L’editore del Foglio contro la linea del Foglio. Valter Mainetti, presidente di Sorgente Group che edita il quotidiano diretto da Claudio Cerasa, ha inviato una lettera pubblicata sull’edizione di sabato – insieme alla risposta di Cerasa – con il titolo “La voce del padrone“. Mainetti si schiera a favore di una “apertura di credito” nei confronti del governo Conte. E sostiene che dietro “le critiche e gli sberleffi” che sono “saliti di livello” dopo il giuramento del premier e dei ministri c’è “la consorteria di interessi che unisce una parte della “vecchia’’ politica, la burocrazia finanziario-amministrativa e alcuni media“.
Media, continua Mainetti, guidati dalla “convinzione che continuando a screditare il nuovo governo se ne acceleri la fine”. Ma “chi si mette così strenuamente di traverso al radicale cambiamento di metodo e di obiettivi del governo Cinque Stelle-Lega sembra ignorare che un’alternativa a medio termine è quasi impossibile”, argomenta il costruttore-editore, che lo scorso anno ha interrotto le pubblicazioni del settimanale ciellino Tempi (che ora è divenuto un mensile gestito da una cooperativa). “L’opposizione attuale, Pd e Forza Italia, appare sempre più destinata a essere insignificante, sia nei numeri che nei contenuti.
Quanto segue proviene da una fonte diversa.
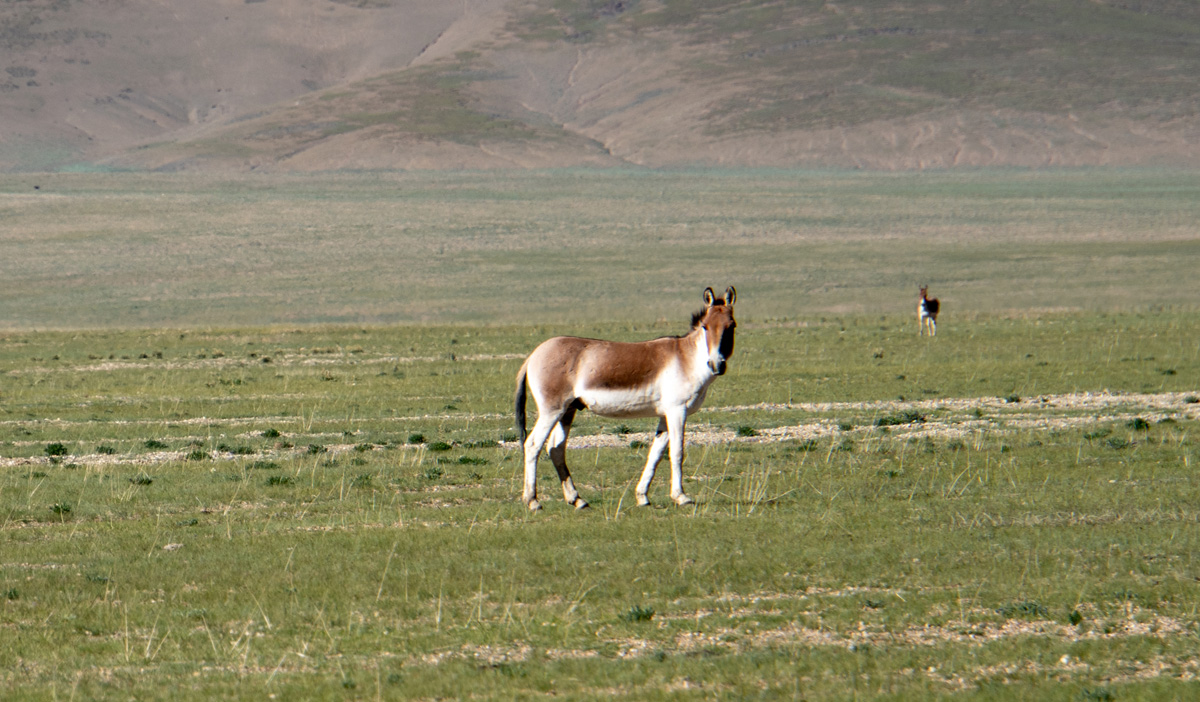 Tingri-Darchen, Tibetan Wild Donkeys
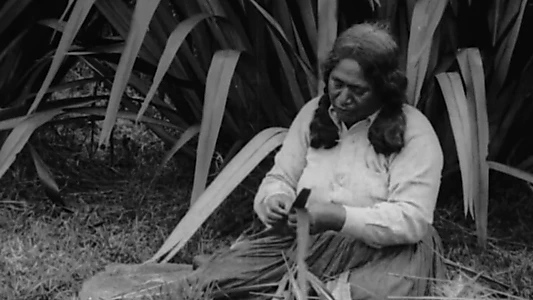 Scenes of Maori Life on the Whanganui River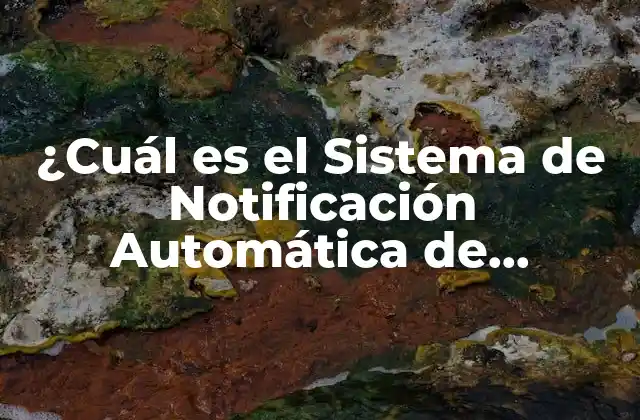 ¿cuál es el Sistema de Notificación Automática de Transacciones (sat)?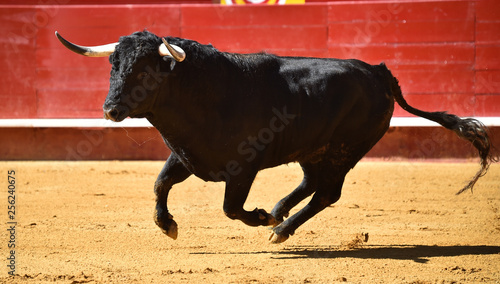 bull in spain in bullring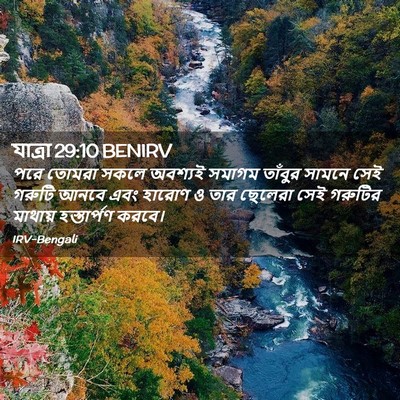 Picture 02 - যাত্ৰা 29:10 BENIRV - পরে তোমরা সকলে - Bible Verse Picture
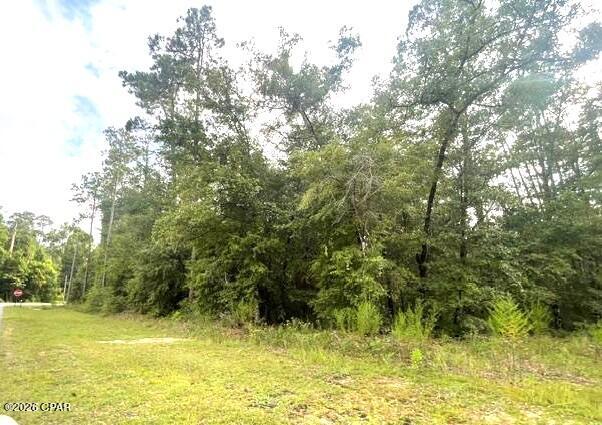 3rd image of 0 View Dr, Alford, FL 32420 | MLS# 793454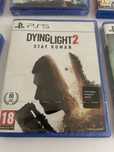 Gra Dying Light 2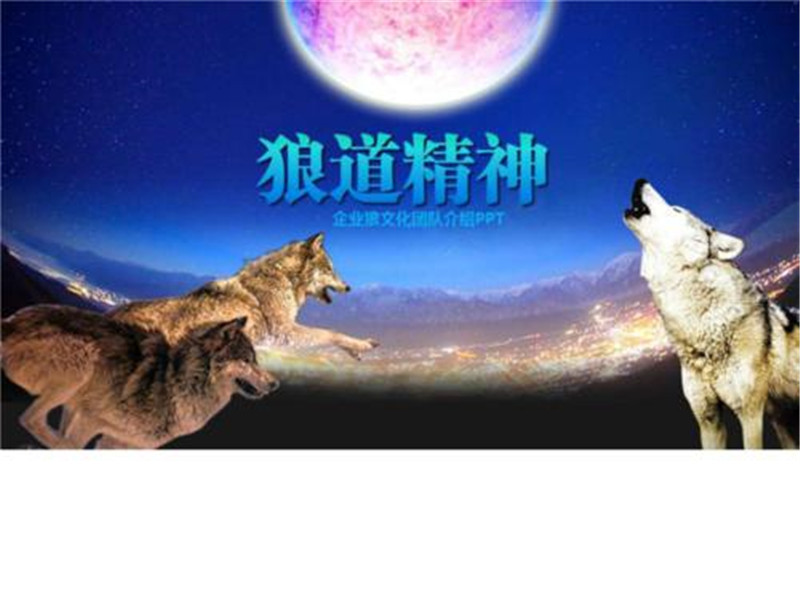 狼道学狼性,狼道为人处世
Un declino che diventa anche un inaspettato collante per la maggioranza che sostiene il governo Conte. E più la maggioranza è ampia e unita, come hanno dimostrato i voti di fiducia al Senato e alla Camera, più le elezioni si allontanano, più si prospetta una stagione ben difficile per quel sottobosco burocratico, finora vero potere e piaga di questo paese, che imprenditori e cittadini subiscono da tempo”.
E’ vero, continua la lettera, che “nel “Contratto-Piattaforma’’ del nuovo esecutivo ci sono politiche economiche interne ed europee, una gestione dei flussi migratori e uno sviluppo di alleanze internazionali, che possono sembrare pericolosi, ma lo stesso presidente Conte ha inteso rassicurare, riferendosi alla necessità di una gradualità nel rispetto delle coperture finanziarie e della compatibilità con i tradizionali rapporti dell’Italia con le organizzazioni internazionali: bisogna augurarsi che il premier sappia far ragionare su questi punti i suoi azionisti di maggioranza“.
Ma “la “rivoluzione” più importante e temuta è quella che investe soprattutto le gerarchie di potere del paese, dagli ex politici agli ex sindacalisti, sparsi in innumerevoli consigli di amministrazione di enti simil-privati e pubblici. La débâcle dei partiti tradizionali per l’incapacità di innovarsi, come aveva previsto Aldo Moro, ha portato la politica a diventare succube di tali gerarchie. E di fatto impotente, come dimostra l’inefficacia degli ultimi governi nel rispondere alle richieste dei cittadini”. Di qui la considerazione che “è doveroso dare un’apertura di credito a un presidente del Consiglio e nel caso, a Giuseppe Conte”.
Cerasa risponde che Mainetti “ha le sue idee, il Foglio ha le sue”. “Al proprietario della nostra testata piace il governo e dispiace l’opposizione, il rumore che giudica aggressivo dei media. A noi dispiace il governo e piace l’opposizione che ancora non c’è, magari senza indulgere a stupidaggini, con il senso di un’alternativa che va cercata e non è scontato trovare”. Poi la rivendicazione della “identità corsara, liberale, eccentrica” del giornale, “sempre aperta al pluralismo degli interventi e delle opinioni, mai incerta sulla necessità di dire le cose come le pensiamo”. “Sarebbe facile e conformista dire che i nostri padroni sono i lettori“, conclude Cerasa. “No. Chi rischia capitali per tenere insieme la baracca è il professor Mainetti. E’ padrone di una comunità di ribelli disciplinati, che non hanno bisogno di provocare perché ciascuno si considera da sempre dipendente di un editore e padrone di se stesso”.